Listed records:
────────────────

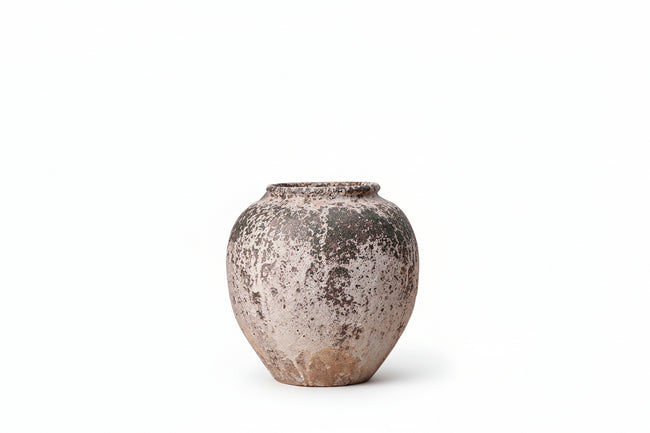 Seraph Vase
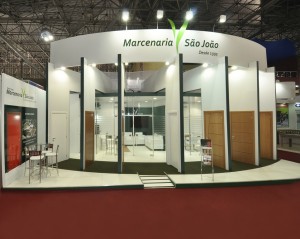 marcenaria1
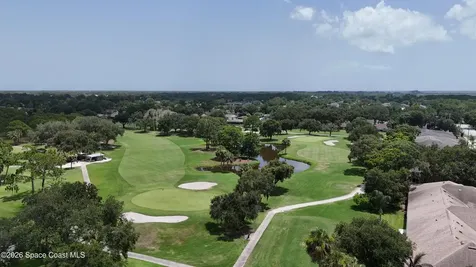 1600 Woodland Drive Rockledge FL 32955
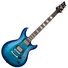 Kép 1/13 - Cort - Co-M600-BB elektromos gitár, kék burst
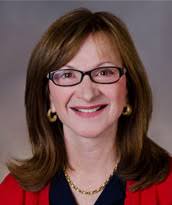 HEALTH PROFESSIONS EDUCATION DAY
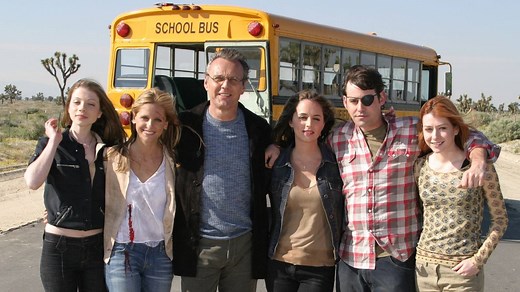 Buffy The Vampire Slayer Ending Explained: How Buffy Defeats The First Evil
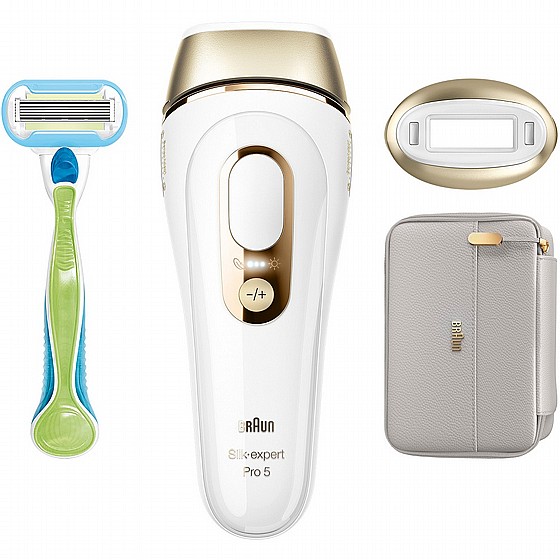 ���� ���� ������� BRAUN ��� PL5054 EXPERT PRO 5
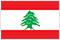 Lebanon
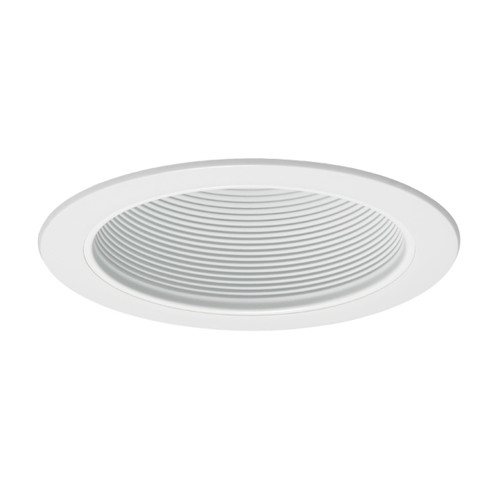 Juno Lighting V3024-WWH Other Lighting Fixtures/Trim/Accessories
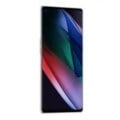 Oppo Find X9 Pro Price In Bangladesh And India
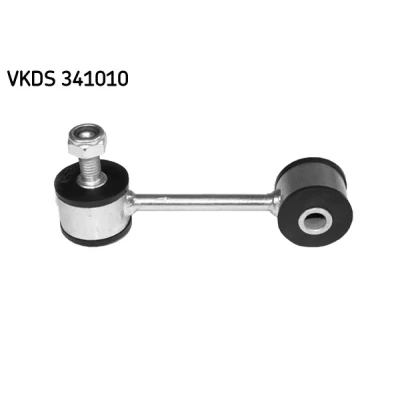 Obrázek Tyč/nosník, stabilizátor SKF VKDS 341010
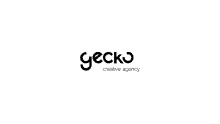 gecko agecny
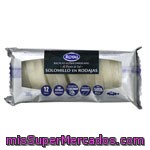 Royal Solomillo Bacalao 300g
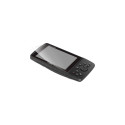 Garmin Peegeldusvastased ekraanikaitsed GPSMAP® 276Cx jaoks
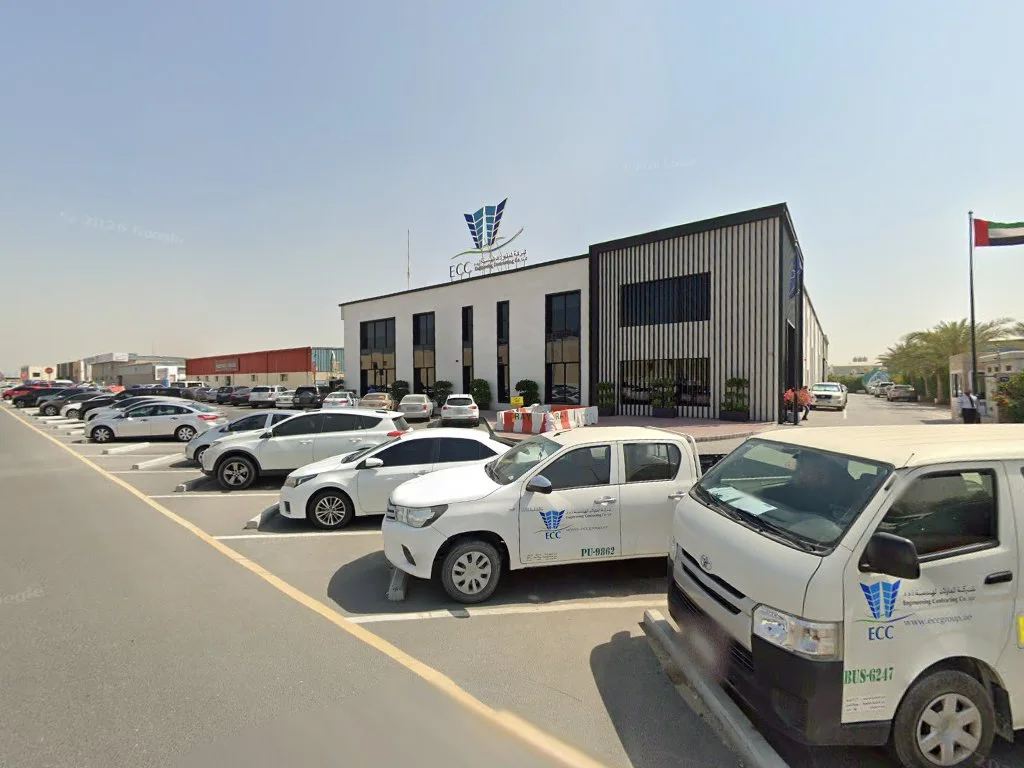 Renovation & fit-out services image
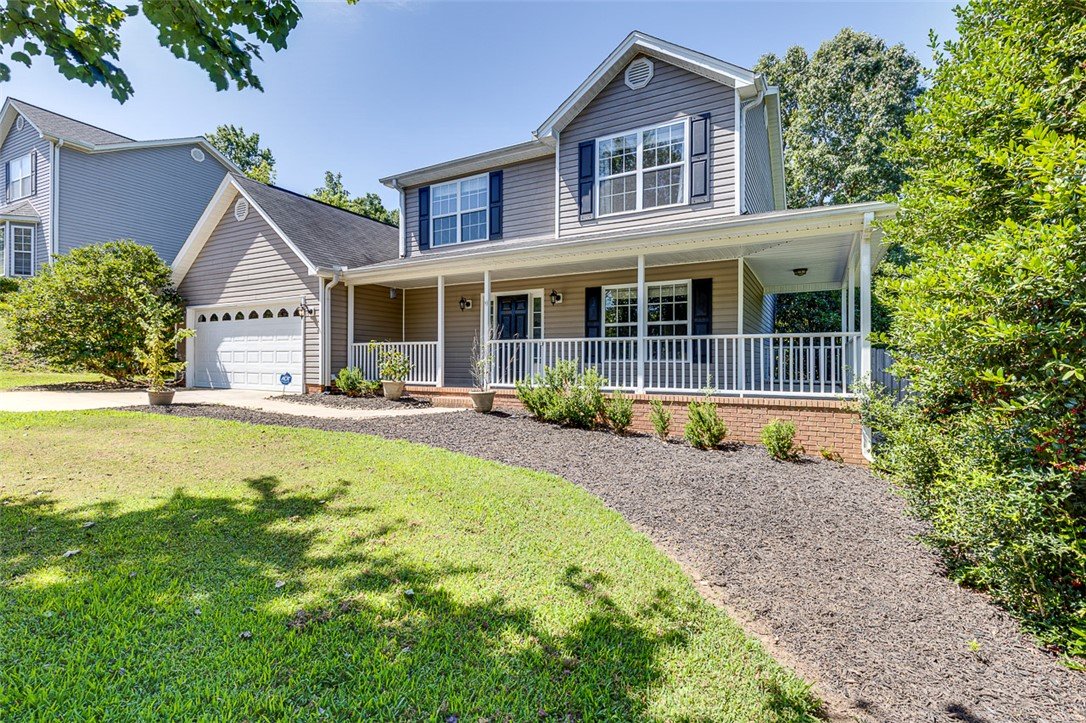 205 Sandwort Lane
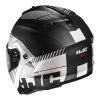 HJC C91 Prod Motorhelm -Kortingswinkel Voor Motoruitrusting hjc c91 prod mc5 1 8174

────────────────

What you are asked to do: Starting at the line that holds "marcenaria1", repeat every line through the end of the listing exactly as written, skipping any picture.

Output of the task:
 marcenaria1
 1600 Woodland Drive Rockledge FL 32955
 Kép 1/13 - Cort - Co-M600-BB elektromos gitár, kék burst
 HEALTH PROFESSIONS EDUCATION DAY
 Buffy The Vampire Slayer Ending Explained: How Buffy Defeats The First Evil
 ���� ���� ������� BRAUN ��� PL5054 EXPERT PRO 5
 Lebanon
 Juno Lighting V3024-WWH Other Lighting Fixtures/Trim/Accessories
 Oppo Find X9 Pro Price In Bangladesh And India
 Obrázek Tyč/nosník, stabilizátor SKF VKDS 341010
 gecko agecny
 Royal Solomillo Bacalao 300g
 Garmin Peegeldusvastased ekraanikaitsed GPSMAP® 276Cx jaoks
 Renovation & fit-out services image
 205 Sandwort Lane
 HJC C91 Prod Motorhelm -Kortingswinkel Voor Motoruitrusting hjc c91 prod mc5 1 8174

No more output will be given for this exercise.